Pyrazinamide (PZA), Rifampicin (RIF), Isoniazid (ISH) and Ethambutol (ETB) form the core for the treatment of Tuberculosis, today a devastating disease in low-income populations around the world. These drugs are usually administrated by fixed-dose combination (FDC) products, to favour the patient compliance and prevent bacterial resistance. PZA exists in four enantiotropically-related polymorphs (Forms α, δ, β and γ), but only Form α is considered suitable for pharmaceutical products due to its stability and bioavailability properties. The classical approaches to address solid-state (microscopy, X-ray diffraction and calorimetry) shows limitations for quantification of polymorphs in the presence of excipients and other active components, as in the case of FDC tablets. In this work, an overall strategy was developed using near infrared spectroscopy (NIR) coupled to partial least squares regression (PLS) to quantify Form α of PZA in drug substance (raw material) and PZA/RIF/ISH-FDC tablets. For this purpose, two PLS models were constructed, one for drug substance preparing training (n = 30) and validation (n = 18) samples with a ternary composition (Form α/Form δ/Form γ), and other for FDC drug products, also including the appropriate amount of RIF, ISH and the matrix of excipients in order to simulate the environment of PZA/RIF/ISH association. The NIR-PLS models were optimized using a novel smart approach based on radial optimization (full range, 3 L V and MSC-D’ and SNV-D’ as pre-treatment, for raw material and FDC tablets, respectively). During the validation step, both methods showed no bias or systematic errors and yielded satisfactory recoveries (102.5 ± 3.1 % for drug substance and 98.7 ± 1.5 % for FDC tablets). When commercial drug substance was tested, NIR-PLS was able to predict the content of Form α (0.98 ± 0.01 w/w).
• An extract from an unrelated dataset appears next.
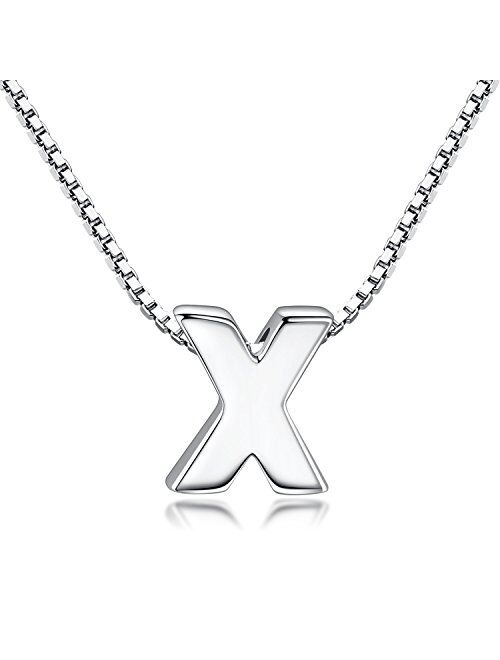 Candyfancy Initial Necklace 925 Sterling Silver Letter Pendant Personalized 26 Alphabet Necklace for Women Men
The model for FDC tablets allowed estimating polymorphic purity in intact (0.984 ± 0.003 w/w), sectioned (0.986 ± 0.002 w/w), and powered (0.985 ± 0.004 w/w) tablets, showing the methodology could be applied to a different stage of the process (i.e premixed-powders or granulates). The suitability of the method was also verified when Form α was satisfactorily analysed in FDC fortified with Form δ and Form γ to reach 0.78, 0.88 and 0.98 w/w, Form α. This strategy results in an excellent alternative to ensure the polymorphic purity of PZA throughout the overall pharmaceutical manufacturing process.